Karena itulah dia menambahkan stage luar angkasa dimana playernya bisa mendapatkan kekuatan time traveling untuk memutar balik waktu dan kalahkan Mondain sebelum dia berhasil menjadi musuh tak terkalahkan.
Kalau ada hal yang membekas bagi pemain D&D di tahun 80an adalah bagaimana media di AS sana menggambarkan bermain game ini dianggap bersekutu dengan iblis dan mempromosikan satanisme. Hingga kepopuleran D&D sempat turun sesaat.
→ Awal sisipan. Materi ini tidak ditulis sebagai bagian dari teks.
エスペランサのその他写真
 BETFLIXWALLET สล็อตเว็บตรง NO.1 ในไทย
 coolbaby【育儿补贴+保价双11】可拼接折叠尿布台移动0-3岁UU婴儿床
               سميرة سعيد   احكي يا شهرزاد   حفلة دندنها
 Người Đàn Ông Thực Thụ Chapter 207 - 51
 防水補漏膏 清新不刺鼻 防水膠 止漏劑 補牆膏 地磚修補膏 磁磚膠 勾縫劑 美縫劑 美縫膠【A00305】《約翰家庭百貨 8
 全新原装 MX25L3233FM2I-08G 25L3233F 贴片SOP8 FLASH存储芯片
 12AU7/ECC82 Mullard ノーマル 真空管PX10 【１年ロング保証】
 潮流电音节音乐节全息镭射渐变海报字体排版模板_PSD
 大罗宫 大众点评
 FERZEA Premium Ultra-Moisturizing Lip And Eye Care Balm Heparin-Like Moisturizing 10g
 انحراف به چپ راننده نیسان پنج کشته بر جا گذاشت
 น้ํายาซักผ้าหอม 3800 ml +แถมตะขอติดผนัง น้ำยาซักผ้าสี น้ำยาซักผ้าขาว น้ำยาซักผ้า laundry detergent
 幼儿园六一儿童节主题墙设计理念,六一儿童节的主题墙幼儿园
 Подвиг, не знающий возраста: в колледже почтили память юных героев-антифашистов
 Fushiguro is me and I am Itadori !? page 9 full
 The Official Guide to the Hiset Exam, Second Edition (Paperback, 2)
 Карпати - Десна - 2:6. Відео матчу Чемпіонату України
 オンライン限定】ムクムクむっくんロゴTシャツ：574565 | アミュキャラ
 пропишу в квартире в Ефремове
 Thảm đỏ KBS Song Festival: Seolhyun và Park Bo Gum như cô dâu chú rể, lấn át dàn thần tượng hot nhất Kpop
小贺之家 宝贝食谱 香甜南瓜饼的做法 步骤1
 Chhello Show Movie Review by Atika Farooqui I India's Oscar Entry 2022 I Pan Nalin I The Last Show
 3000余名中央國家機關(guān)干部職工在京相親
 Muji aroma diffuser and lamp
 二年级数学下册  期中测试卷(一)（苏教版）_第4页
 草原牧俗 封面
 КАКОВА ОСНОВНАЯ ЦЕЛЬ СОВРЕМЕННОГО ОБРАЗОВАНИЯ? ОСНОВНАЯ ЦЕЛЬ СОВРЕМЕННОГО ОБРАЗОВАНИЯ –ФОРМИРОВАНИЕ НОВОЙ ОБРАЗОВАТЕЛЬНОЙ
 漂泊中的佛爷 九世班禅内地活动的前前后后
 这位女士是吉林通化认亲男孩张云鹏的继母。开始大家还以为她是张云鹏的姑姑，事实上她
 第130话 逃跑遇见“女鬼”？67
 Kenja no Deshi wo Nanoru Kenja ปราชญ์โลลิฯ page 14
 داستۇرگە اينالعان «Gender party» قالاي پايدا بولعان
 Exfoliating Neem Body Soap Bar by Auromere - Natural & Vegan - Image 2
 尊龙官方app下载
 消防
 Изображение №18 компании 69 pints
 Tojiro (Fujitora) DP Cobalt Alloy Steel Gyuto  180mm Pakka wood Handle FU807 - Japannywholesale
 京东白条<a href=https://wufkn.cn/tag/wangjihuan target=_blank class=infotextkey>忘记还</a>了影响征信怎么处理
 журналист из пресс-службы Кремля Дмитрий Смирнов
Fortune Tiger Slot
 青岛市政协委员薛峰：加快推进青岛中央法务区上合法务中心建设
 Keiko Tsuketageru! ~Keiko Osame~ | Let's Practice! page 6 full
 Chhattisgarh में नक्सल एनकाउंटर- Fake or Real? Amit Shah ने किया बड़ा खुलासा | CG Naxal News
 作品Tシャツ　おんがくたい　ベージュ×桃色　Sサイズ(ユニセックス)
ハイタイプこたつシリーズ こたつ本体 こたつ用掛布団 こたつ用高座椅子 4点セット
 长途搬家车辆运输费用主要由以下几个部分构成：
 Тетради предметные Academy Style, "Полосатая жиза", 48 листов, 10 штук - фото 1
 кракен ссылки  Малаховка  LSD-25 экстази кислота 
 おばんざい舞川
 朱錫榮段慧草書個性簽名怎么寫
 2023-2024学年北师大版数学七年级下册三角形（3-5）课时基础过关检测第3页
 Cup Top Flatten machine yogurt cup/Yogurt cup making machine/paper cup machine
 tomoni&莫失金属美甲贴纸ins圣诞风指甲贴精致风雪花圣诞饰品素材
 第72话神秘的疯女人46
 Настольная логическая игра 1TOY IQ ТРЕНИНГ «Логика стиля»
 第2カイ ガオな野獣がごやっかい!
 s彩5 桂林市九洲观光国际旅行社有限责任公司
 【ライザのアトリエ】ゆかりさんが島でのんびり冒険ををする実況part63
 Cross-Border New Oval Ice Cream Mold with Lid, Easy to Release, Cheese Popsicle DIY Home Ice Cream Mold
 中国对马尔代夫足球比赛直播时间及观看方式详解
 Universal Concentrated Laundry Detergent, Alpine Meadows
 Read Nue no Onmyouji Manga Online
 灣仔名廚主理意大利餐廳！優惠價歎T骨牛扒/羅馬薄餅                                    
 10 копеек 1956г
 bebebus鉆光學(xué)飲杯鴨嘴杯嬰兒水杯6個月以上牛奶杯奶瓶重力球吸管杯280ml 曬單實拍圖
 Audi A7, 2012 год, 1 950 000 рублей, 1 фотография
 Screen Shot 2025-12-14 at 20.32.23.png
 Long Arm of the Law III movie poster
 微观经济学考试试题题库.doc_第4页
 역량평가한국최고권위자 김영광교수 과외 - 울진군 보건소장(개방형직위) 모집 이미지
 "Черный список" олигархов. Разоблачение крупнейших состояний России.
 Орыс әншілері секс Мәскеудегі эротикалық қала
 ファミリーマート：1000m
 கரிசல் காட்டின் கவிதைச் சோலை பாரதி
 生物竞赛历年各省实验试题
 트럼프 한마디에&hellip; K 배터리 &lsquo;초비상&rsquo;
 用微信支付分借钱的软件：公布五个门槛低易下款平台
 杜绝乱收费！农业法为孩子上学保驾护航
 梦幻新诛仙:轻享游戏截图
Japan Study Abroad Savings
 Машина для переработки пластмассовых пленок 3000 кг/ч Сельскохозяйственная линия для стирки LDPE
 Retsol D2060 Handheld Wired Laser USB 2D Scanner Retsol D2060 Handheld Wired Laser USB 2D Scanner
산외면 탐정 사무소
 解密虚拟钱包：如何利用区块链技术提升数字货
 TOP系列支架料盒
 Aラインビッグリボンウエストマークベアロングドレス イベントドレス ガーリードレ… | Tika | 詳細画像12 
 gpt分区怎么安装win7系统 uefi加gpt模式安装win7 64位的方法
Tapi, berbeda dengan video game malah mengalami peningkatan.
Kreator game Ultima merasa kesal dan menciptakan game Ultima IV yang jauh dari kekerasan. Player harus mengumpulkan nilai kebaikan di dunia dan menjadi simbol harapan.
Tapi, setelah itu di Ultima V segalanya jadi dibalik, dan kalian memainkan sisi seberangnya yang penuh kejahatan. Tidak bisa dipungkiri seri-seri setelahnya juga tidak kalah menarik sebagai game RPG.